▸ **PROBLEM REQUIREMENTS**: Of the lines below, write out exactly those from the line with "葡萄采摘后子肥该怎么施？" through the line with "A wide landscape", both included, and skip the rest.

▸ **DATASET EXCERPTS**:

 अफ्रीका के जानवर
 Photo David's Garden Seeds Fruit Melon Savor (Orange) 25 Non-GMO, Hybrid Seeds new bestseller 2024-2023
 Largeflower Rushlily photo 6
...
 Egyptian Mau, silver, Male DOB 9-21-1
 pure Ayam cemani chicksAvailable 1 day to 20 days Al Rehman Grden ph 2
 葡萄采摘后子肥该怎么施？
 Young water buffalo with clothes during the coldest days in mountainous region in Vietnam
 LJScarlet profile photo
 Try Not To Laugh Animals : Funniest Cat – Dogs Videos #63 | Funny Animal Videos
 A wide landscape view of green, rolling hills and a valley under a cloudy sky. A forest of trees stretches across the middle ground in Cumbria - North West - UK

▸ **ANSWER SPACE**:
 葡萄采摘后子肥该怎么施？
 Young water buffalo with clothes during the coldest days in mountainous region in Vietnam
 LJScarlet profile photo
 Try Not To Laugh Animals : Funniest Cat – Dogs Videos #63 | Funny Animal Videos
 A wide landscape view of green, rolling hills and a valley under a cloudy sky. A forest of trees stretches across the middle ground in Cumbria - North West - UK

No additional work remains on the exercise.